Thoughts on Easter pt. 3 "The Cross as Love"

Perhaps no other emotion has evoked such a response as has love.  It's needless to recount the endless numbers of poets, musicians, historians, myths, legends, and stories that tell us of all the ways love has affected us, for good and for bad.  One thing is fairly obvious, though (in my estimation) . . . love is misunderstood.  For most it is an emotion; a feeling or series of feelings that we have toward another person or thing.  When we say, "I love you," it generally is meant as a feeling toward something and the hope is that the response will be feelings returned.  Romance and it's cousins indeed play a part in love and most men will tell you that if it does not play a part things can go very badly, very quickly.  But feelings are not the starting or ending point of love.  They are not the basis of love, but can be some of the byproducts of love done right?

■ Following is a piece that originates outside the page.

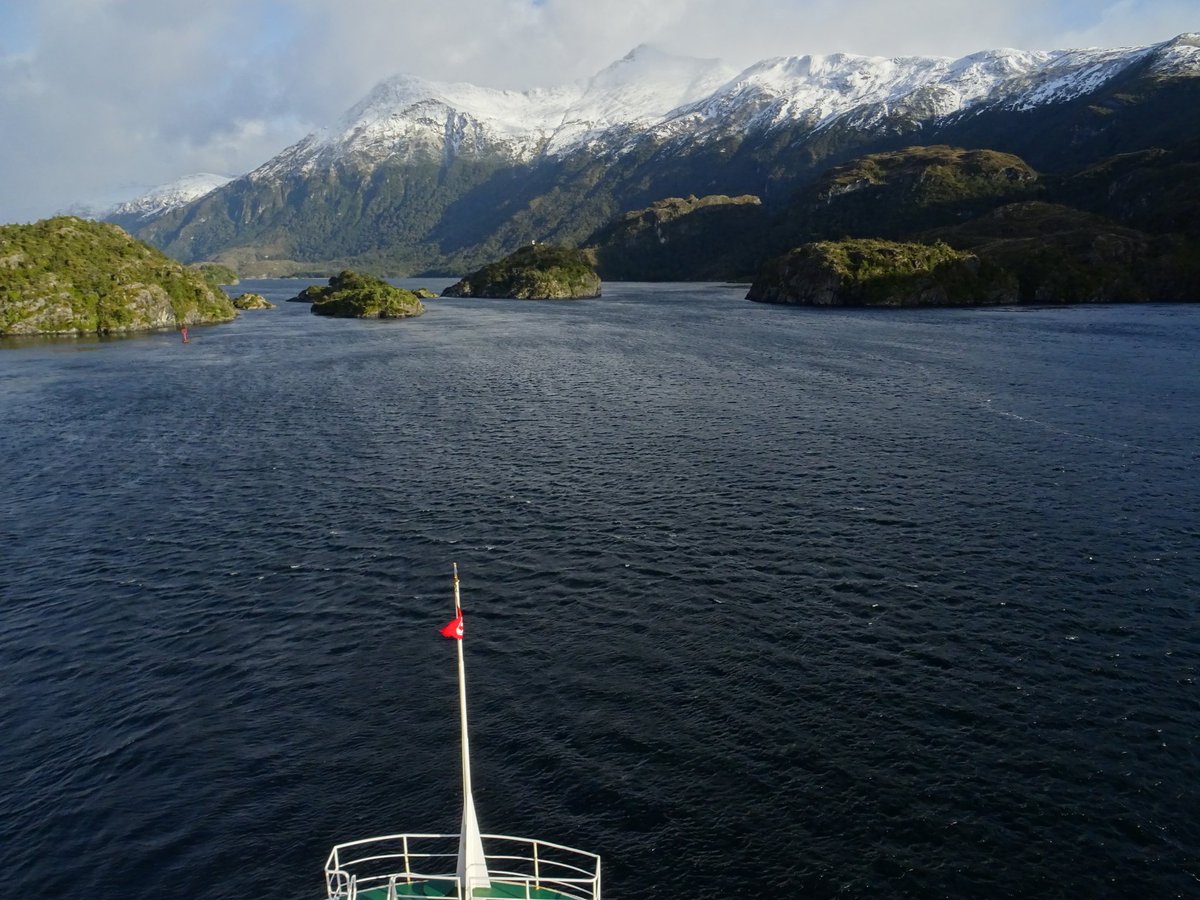 Billstein's tweet photo. Ein paar Fotos der dreitägigen Frachtschiff-Reise durch die Fjorde in #Patagonien. Falls ihr was mit Natur und Landschaft anfangen könnt und mal die Gelegenheit dazu habt: Macht das, es wird wahrscheinlich die Schifffahrt eures Lebens! #Navimag https://t.co/wskulxzSpy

What then is love?  Our love for God and each other is demonstrated for us, and should find its basis in, the cross.  Paul writes in his letter to the Romans, "one will hardly die for a righteous man; though perhaps for the good man someone would even dare to die.  But God demonstrates his own love toward us, in that while we were yet sinners, Christ died for us." (5:7-8)  We sinners, vile and wretched, separated from a holy God because of our sin, being the very filth that He cannot look upon were loved by Him by way of the cross.  His son, perfect and kingly, died on the cross so that he could restore us to right-relationship with the God we were so cosmically separated from.  And as we dig a little deeper into this demonstration of love, the reality of love in Jesus' death on the cross, we see the picture of how our daily demonstration of love in our lives finds its basis in the cross.

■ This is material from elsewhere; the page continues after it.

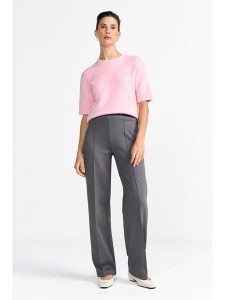 Rich & Royal Dzianinowa bluzka w kolorze jasnoróżowym rozmiar: L. Różowe bluzki Rich & Royal, l, bez wzorów, z dzianiny, bez kołnierzyka, bez ramiączek. Za 230,99 zł.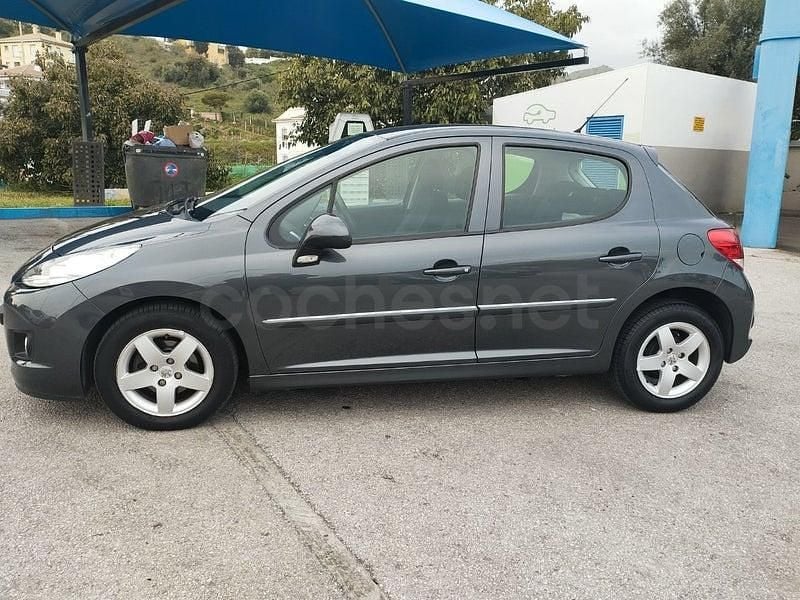 Usado Peugeot 207 Active 75 CV (55 kW) 2012 Gris / plata Berlina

Moving from one apostle to another, we see John recount Jesus' words:  "This is my commandment, that you love one another, just as I have loved you.  Greater love has no one than this, that one lay down his life for his friends.  You are my friends, if you do what I command you . . . This I command you, that you love one another." (15:12-14, 17)  As we follow the pattern, Jesus' command to us, His "law," is that we love each other.  By sharing our feelings ?  By saying nice things and painting each other in light of rainbows and butterflies?  No.  Love, for Jesus, means dying.  Laying down His life is His demonstration of love and we are to love "just as I have loved you."  And the crux of it all, the part that we so misunderstand, is that love is self-sacrificial.  "Greater love has no one than this, that one lay down his life for his friends."  Jesus willingly died for us as a demonstration of love.  And we, in order to love, must willingly die as well.  This plays out not in a physical death (although in extremes it can and has), but in a dying to our own rights and desires.  To daily "take up our cross" means to willingly lay down the rights we were carrying in order to have free hands to carry the cross.  We cannot carry both.
And what of the unlovable?  Or loving when we've been wronged?  We still look at the cross.  "While we were yet sinners . . . Christ died for us."  Our "feelings" toward another should not cloud our love.  The way of the cross and the pattern of a cross centered life has been set:  "As I have loved you."

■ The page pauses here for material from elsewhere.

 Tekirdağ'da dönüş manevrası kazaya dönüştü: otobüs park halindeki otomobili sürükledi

The cross was God's demonstration of His love toward us filthy sinners.  For us to love, whether it is God, family, spouse, children, friends, etc., we must follow the same pattern of laying down all the rights we think we have and have the mind Christ had as He carried His cross.  The power of the cross, the wisdom of the cross, and now the love of the cross are all intertwined and carry the same theme:  there is power, wisdom, and love by living by the way of the cross.